The whole updated took all of 90 seconds to complete.
And then I waited.
The final outcome
Six days later (and three days after the requisite “No luck yet, but we’re still looking” email) I received another email with the following text:
We are happy to tell you that we have located an item that closely matches the description of your reported lost item. We have, to the best of our ability, verified that the item matched to your lost report is indeed your item. You will need to click on this link within 45 days and provide the following information:
- Verify the shipping address for your item.
- Choose a Shipping Service Level.
- Provide payment information
After we receive this information, your item will be shipped, you will receive tracking information by email, and we will close the report. We cannot hold these items in perpetuity, so if we do not receive a reply within 45 days, the item will be salvaged and the report closed. We are grateful for your business and we hope to welcome you onboard Delta again soon.
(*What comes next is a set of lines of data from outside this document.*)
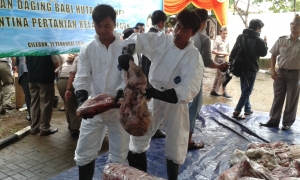 Sembilan Ton Daging Celeng Dimusnahkan di Cilegon
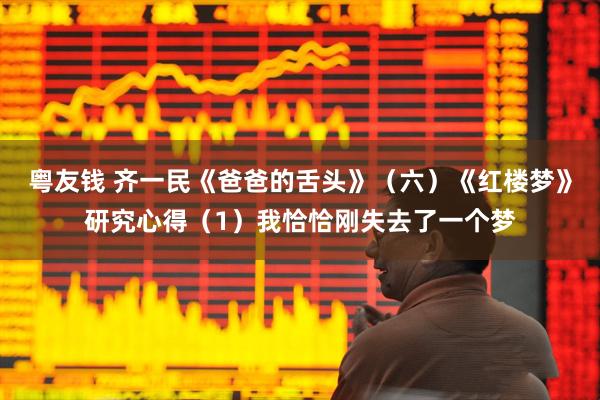 粤友钱 齐一民《爸爸的舌头》（六）《红楼梦》研究心得（1）我恰恰刚失去了一个梦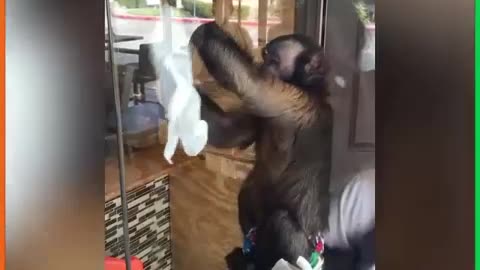 Very Funny Monkeys Funny Moment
Since this was 100% my fault, I did have to pay for the shipping back to my house, and they do require you to fill out a separate form. In other words, you can’t just use the contact information that they have on file, and you have to fill everything out within 45 days.
Still, I was reunited with my iPad (and its beat-up case) less than a week later!
If only the shipping costs coded as “travel”…;)
Aside from the obvious “don’t forget your stuff,” I do think there were a couple of key factors that ultimately led to my success here, and they are worth recapping. So here’s what I would do in the event that you (or a loved one) leaves an item behind on a Delta flight:
- Bookmark this link, so that you don’t have to go on a wild goose chase on the website.
- Fill out the form as soon as possible.
- Keep your serial numbers for electronic devices somewhere on file.
- Put some sort of differentiator (sticker, address, etc.) on small items that you may be more likely to lose.
- If you don’t have a serial number, turn to your mobile phone provider for help.
- Be ready with payment and shipping information in the event that your item is found.
And, most importantly, check your seatback pocket every time.
First off, to whomever found the lost iPad in the seatback of 12C two weeks ago, wherever you are, thank you!
I know that there was a lot of luck involved here, and that my iPad found itself in the hands of the right people, which is far from a guarantee. But I do think that Delta has a solid system in place here. This is the second time that I’ve had something of value returned to me, which tells me that something behind the scenes is working.
And ultimately – and I know I’ll get some flak for this – it’s reasons like these why I keep going back to Delta. Sure, their redemptions might be laughable and their new boarding process baffling, but when bad things happen, they seem to know how to fix them.
More importantly, they actually seem to care.
So while the policies may not always be as customer-friendly as we all would like, to me, service comes down to what the actual, personal, on-the-ground and in-the-air experience looks and feels like, week after week.
And in this case, they hit it out of the park.
Have you ever had to file for a lost item? How did it turn out?